• Problem: For the records below, please print exactly and only the lines from the one with "LeCalla 925 Sterling" down to the one with "Rolanstar Vanity Desk", both ends included, omitting the pictures.

• The records:
::::

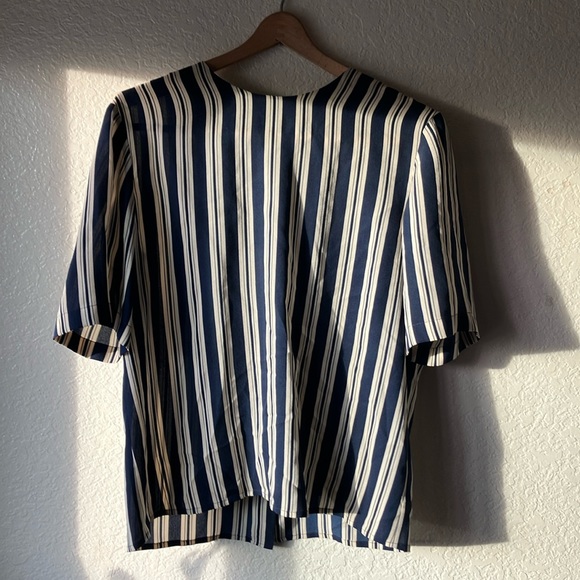Dana Buchman 100% Silk Navy & Cream Stripes Nautica Mid-Sleeves Blouse womens 14 - Picture 1 of 13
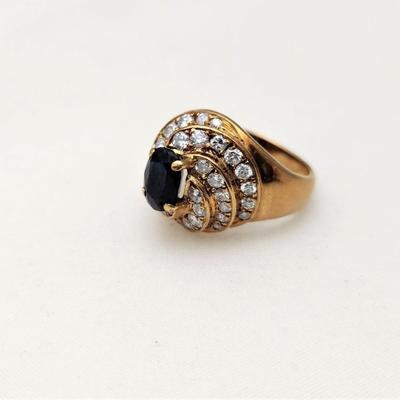 Lot #185J  18kt Yellow Gold Diamond & Sapphire Swirl Shape Dinner Ring
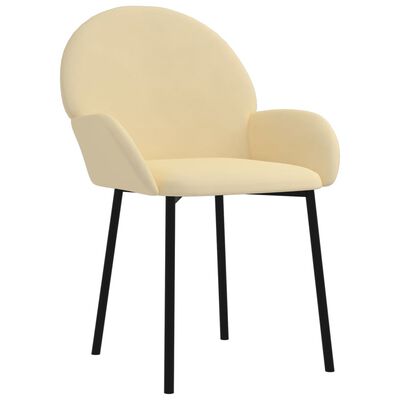 vidaXL Dining Chairs 2 pcs Cream Velvet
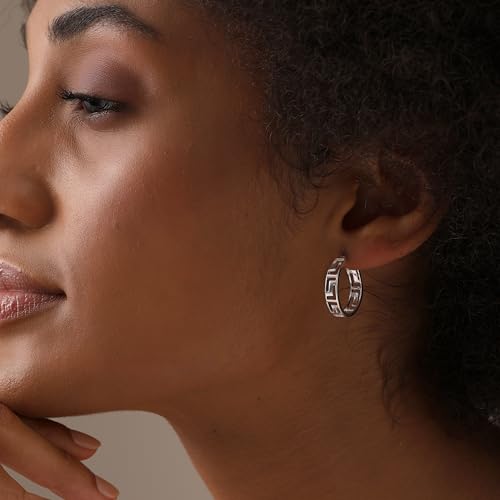 LeCalla 925 Sterling Silver Greek Key Hoop Earrings Lightweight Click-Top Greek Wall Cut-Out Pattern Earring Hoops for Women3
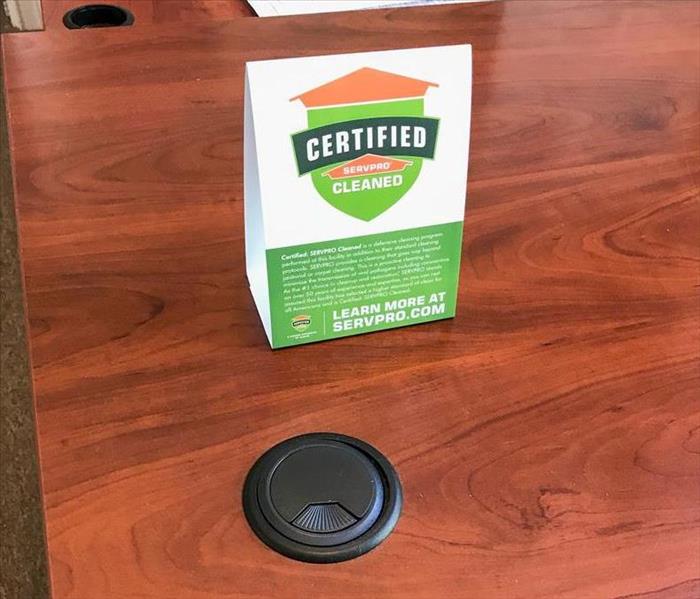 Certified: SERVPRO Cleaned logo at an office in Rutherford County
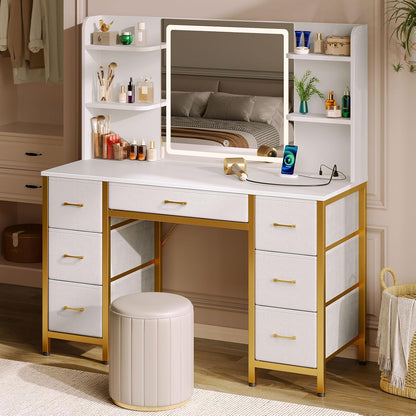 Rolanstar Vanity Desk with Lighted Mirror & Power Outlet, Makeup Vanity with 7 Fabric Drawers, 6 Storage Shelves & 3 Lighting Modes, Dressing Table for Bedroom, Girls, Women, White and Gold
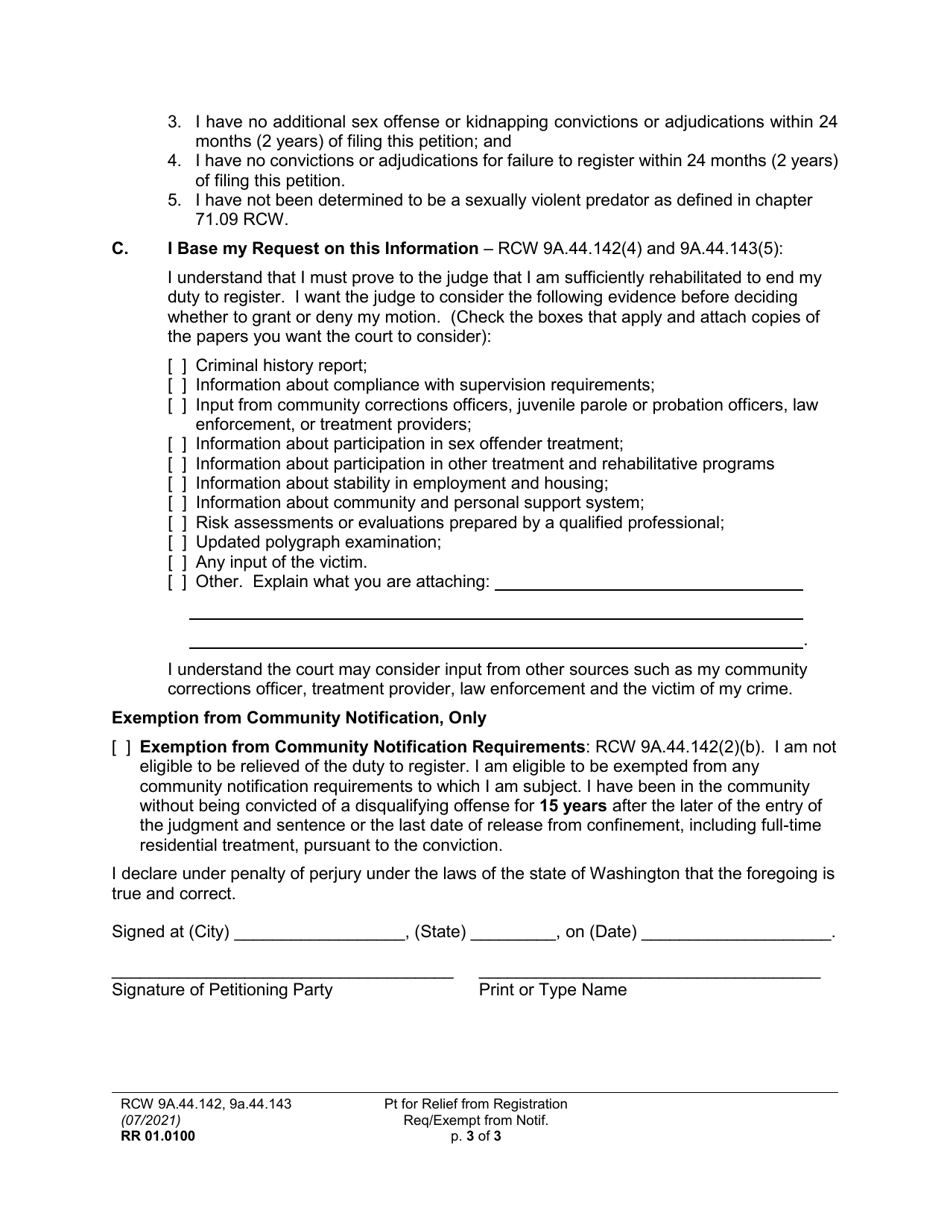 Form RR01.0100 Petition for Relief From the Duty to Register / Exemption From Community Notification (Pt) - Washington, Page 3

::::

• Written reply:
 LeCalla 925 Sterling Silver Greek Key Hoop Earrings Lightweight Click-Top Greek Wall Cut-Out Pattern Earring Hoops for Women3
 Certified: SERVPRO Cleaned logo at an office in Rutherford County
 Rolanstar Vanity Desk with Lighted Mirror & Power Outlet, Makeup Vanity with 7 Fabric Drawers, 6 Storage Shelves & 3 Lighting Modes, Dressing Table for Bedroom, Girls, Women, White and Gold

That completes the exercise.